What the framework actually protects against
The five questions don't produce a single right answer. They produce a forcing function against the thing that killed our positioning in the first place: picking a message because it sounded good in a room, then discovering six months later that the website, the decks, and the sales floor were all saying something different.
Every one of the four killed messages had at least one champion in that room who wanted to ship it. All-in-one had history on its side. Native AI CX platform had an aspirational pull that made people want to build toward it. Cheaper-than-Zendesk had the seductive clarity of a number. What killed each of them wasn't a lack of enthusiasm. It was running the same five questions against all seven candidates instead of just the ones that felt exciting, and being willing to let the answers overrule the room.
Where we landed
Treat every customer like they're your only customer.
This concept serves as the umbrella theme, with supporting points reinforcing what that level of service actually looks like in practice.
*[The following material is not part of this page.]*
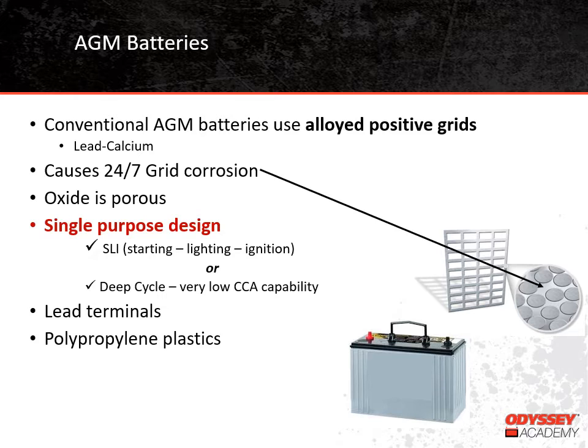AGM batteries are typically single-purpose by design. They are either good at starting applications or deep-cycle applications. A starting application needs high current for a very short period of time, like when you're starting your automobile, while a deep-cycle application needs lower current for a longer period of time, something like an electric trolling motor. AGM batteries can do one or the other, but they're not going to be good at doing both. Finally, AGM batteries use lead terminals and polypropylene plastics.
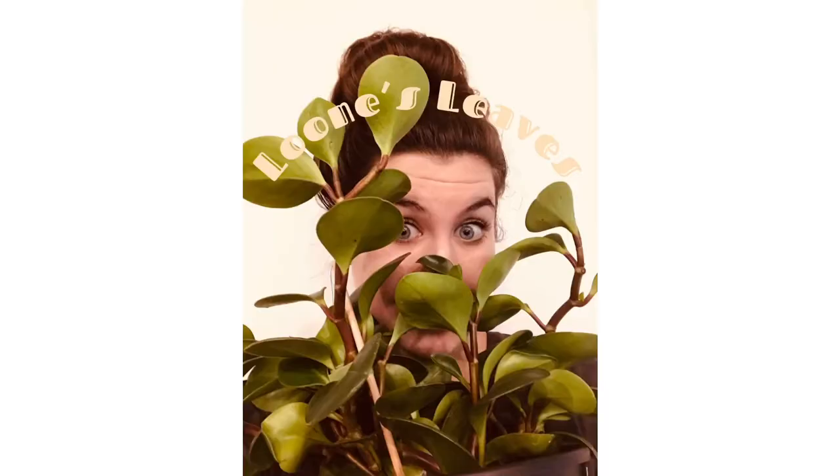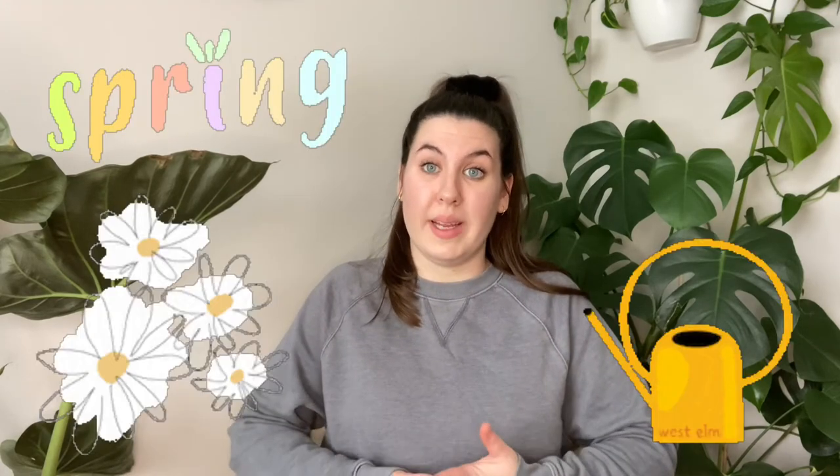Welcome to Loon's Leaves. Today we're going to be talking about prepping your house plants for the spring and summer time.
What does it mean to treat every customer like your only customer?
- Customer 360 → Native CRM: A complete view of each customer.
- Anticipate needs before they arise → Proactive Service with Workflows.
- Give accurate, consistent answers → AI Agents that don't hallucinate, powered by AI Agent Studio.
- Show empathy at scale → Brand Tone & Voice controls, AIR, and sentiment analysis (detect when a customer is angry).
- Respond faster, resolve smarter → Lower FRT and AHT with intelligent routing.
- Meet them where they are → Omnichannel support.
- See people, not tickets → Conversation Timeline gives agents full context.